_Instructions for the task_:
Only the lines below from the one that contains "Winter Maple Leaf" through the one that contains "Lettore CD C300PRO" should appear in your answer, exact and without pictures.

[Web page caption snippets]
===============

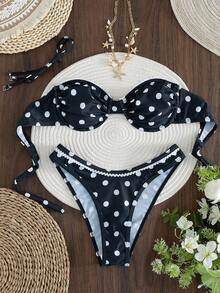 Bộ bikini mùa hè gợi cảm 2 món - Áo tam giác chấm bi màu tím đậm và quần bikini buộc dây bên hông có bèo nhún | Đồ bơi đi biển cho nữ - màu đen - Xem 7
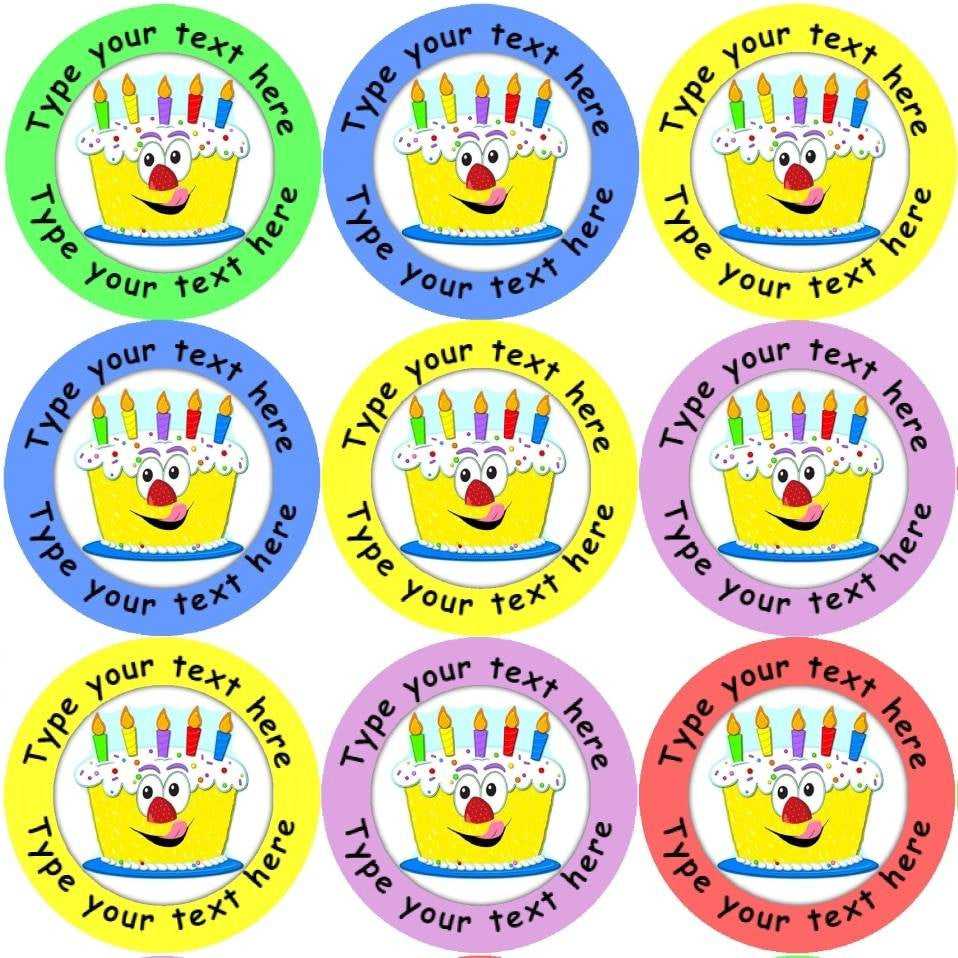 Sticker Stocker 144 Personalised Birthday Cake 30mm Reward Stickers for School Teachers, Parents and Nursery
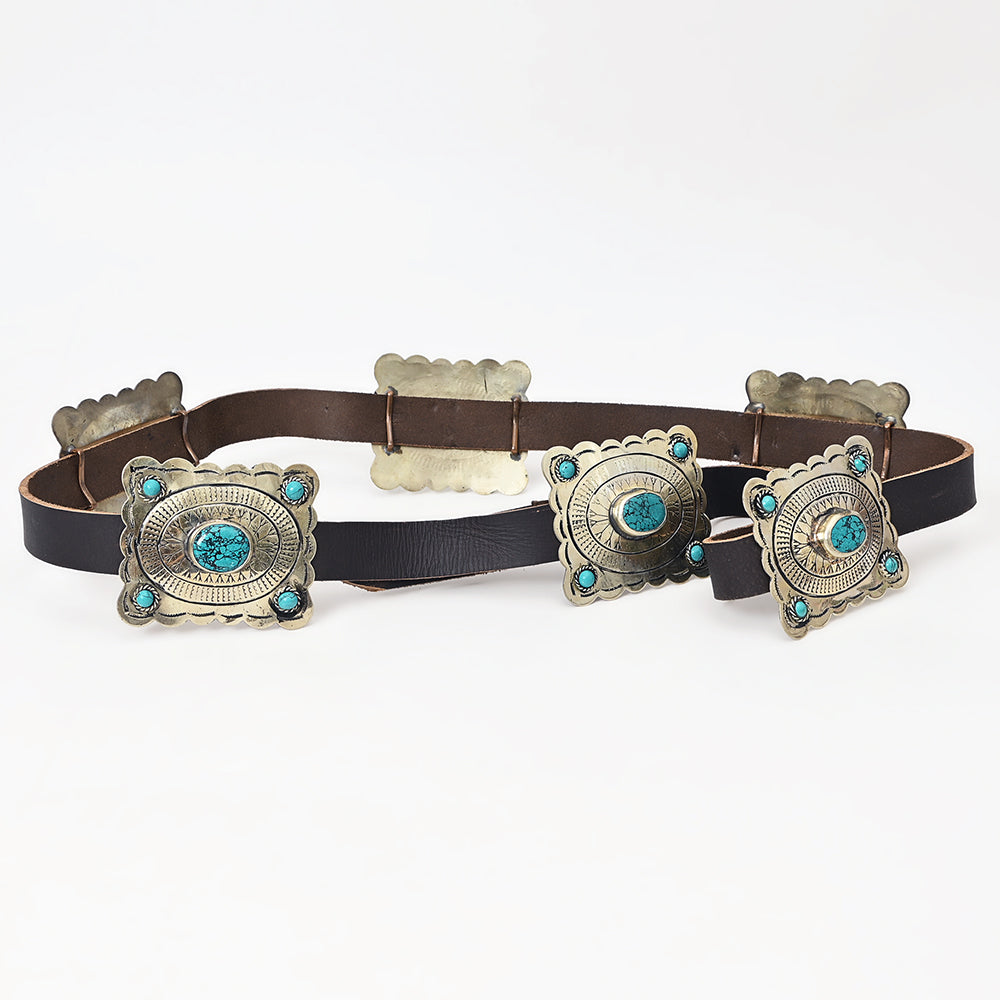 ADBLA102 Hand tooled Authentic German Silver Concho Belt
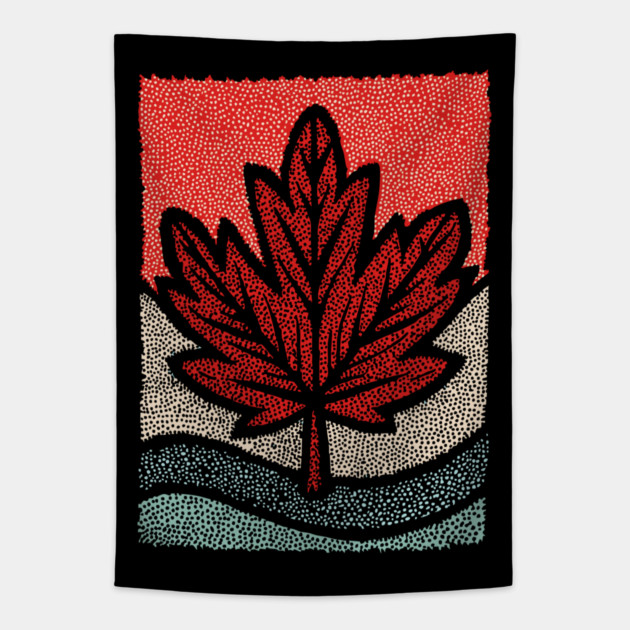 Winter Maple Leaf | The First Snowfall Tapestry by TuncGK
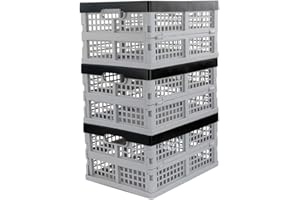 Jekiyo 16-Liter Folding Crates Storage, Collapsible Container Plastic, Set of 3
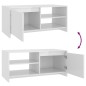 Tavolino da Salotto Bianco Lucido 102x50x45cm Legno Multistrato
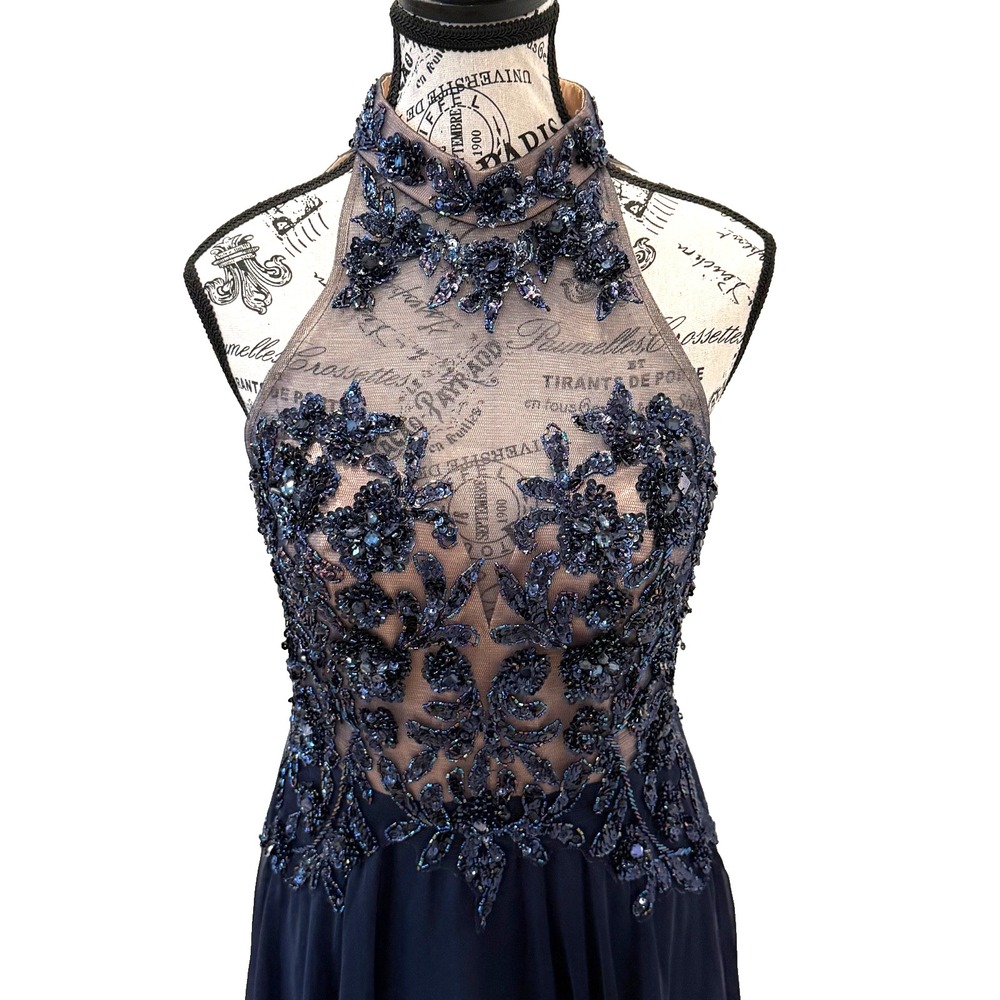 Vintage Dave & Johnny Women's Beaded Tea Length Evening Gown Blue Size 3/4 - Picture 3 of 10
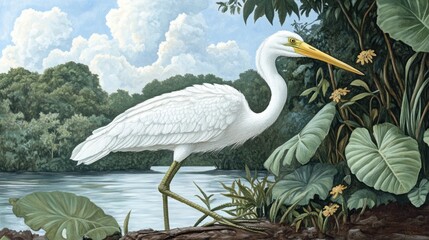 Fototapeta premium Detailed painting of a great egret in a tropical setting.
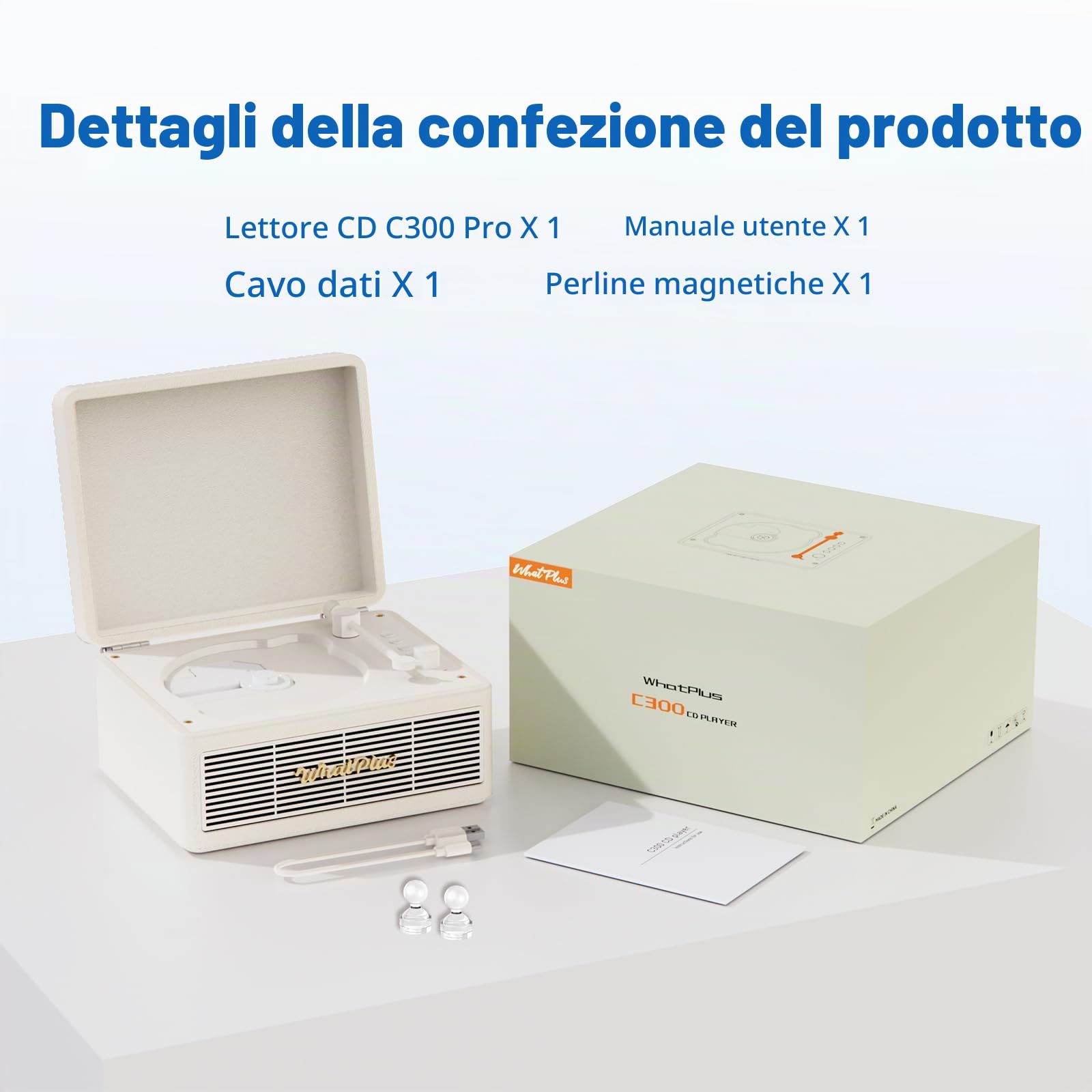 Lettore CD C300PRO con altoparlante Bluetooth, suono ad alta fedeltà, controllato da app, display magnetico per foto e pin, lettore musicale da tavolo retrò, regalo per gli amanti della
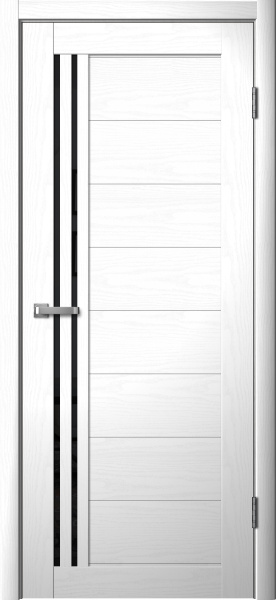 Межкомнатная дверь FlyDoors 270 ДО Ясень белый/ Черный лакобель 900х2000
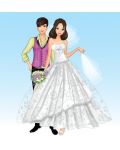 Нарисувай красиви сватбени рокли: Супер Булки и шаферки + стикери - 4t
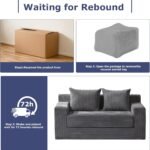Convertible Sofa Bed, Boneless Couch Loveseat Sleeper, 2 in 1 Folding Couch Bed, Fold Out Comfy Floor Futon Sofa with Pillows for Living Room Bedroom, Grey - Image 5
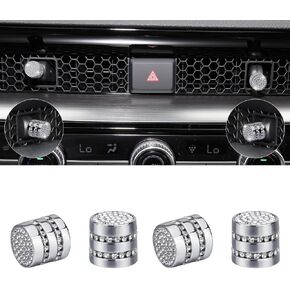 LECART for Honda Civic Accessories Bling 11th Gen 2022 2023 2024 Air Vent Knob Covers Glitter Car Interior Decoration Trims Metal Decal Cover Stickers 4 Pcs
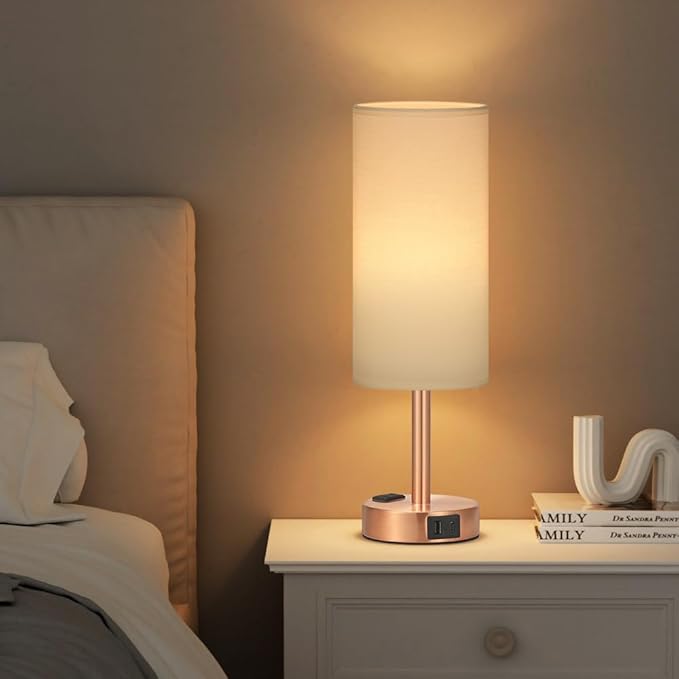Fenmzee Bronze Nightstand Bedroom Lamp - 3 Way Dimmable Bedside Lamp USB C A Charging Ports and AC Outlet, Small Table Lamp White Linen Lampshade for Desk, LED Bulb Included - Bloomnest
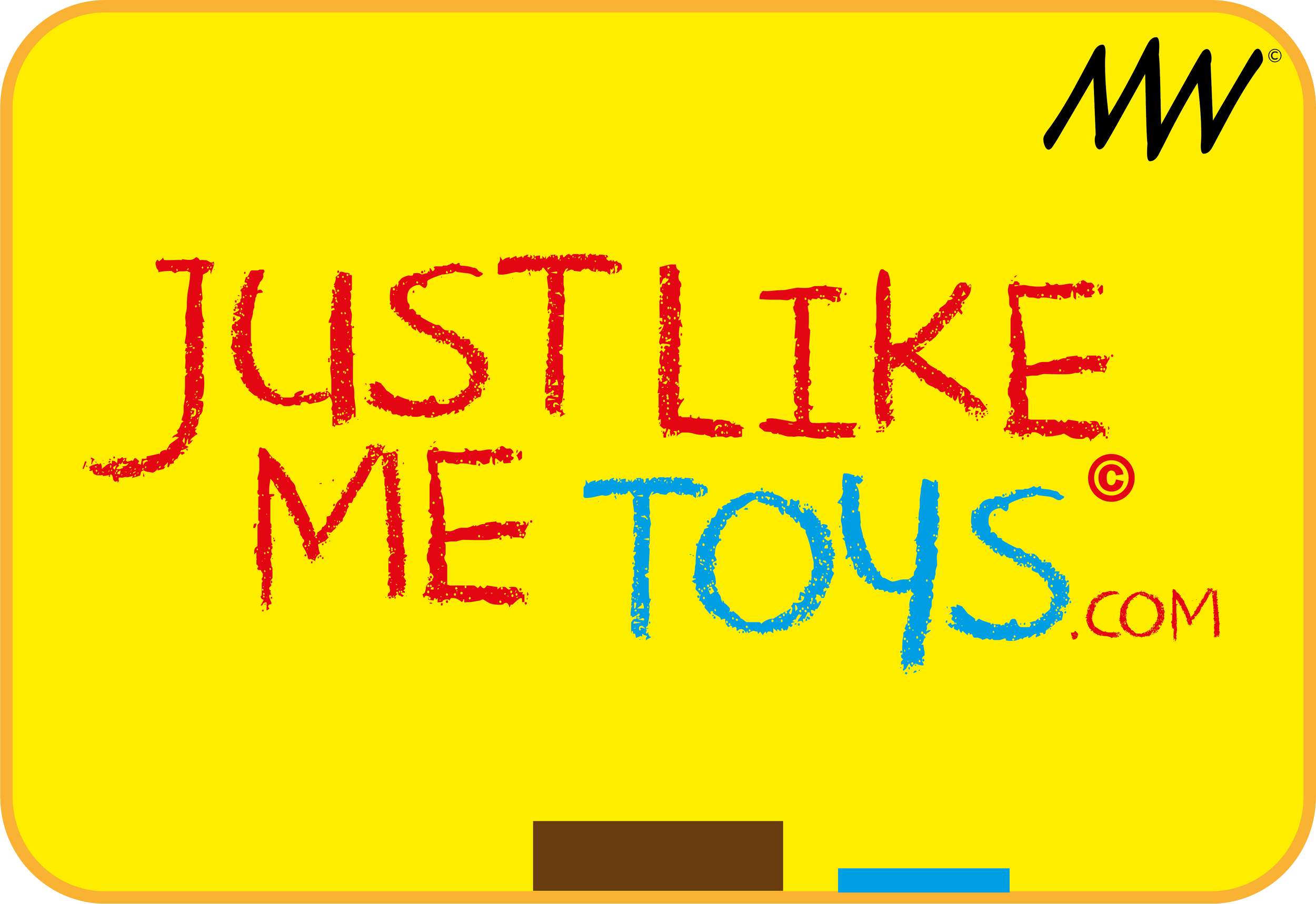 A yellow sign with red and blue text that reads 'Just Like Me Toys.com' in a playful font.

===============

_Solution for this problem_:
 Winter Maple Leaf | The First Snowfall Tapestry by TuncGK
 Jekiyo 16-Liter Folding Crates Storage, Collapsible Container Plastic, Set of 3
 Tavolino da Salotto Bianco Lucido 102x50x45cm Legno Multistrato
 Vintage Dave & Johnny Women's Beaded Tea Length Evening Gown Blue Size 3/4 - Picture 3 of 10
 Fototapeta premium Detailed painting of a great egret in a tropical setting.
 Lettore CD C300PRO con altoparlante Bluetooth, suono ad alta fedeltà, controllato da app, display magnetico per foto e pin, lettore musicale da tavolo retrò, regalo per gli amanti della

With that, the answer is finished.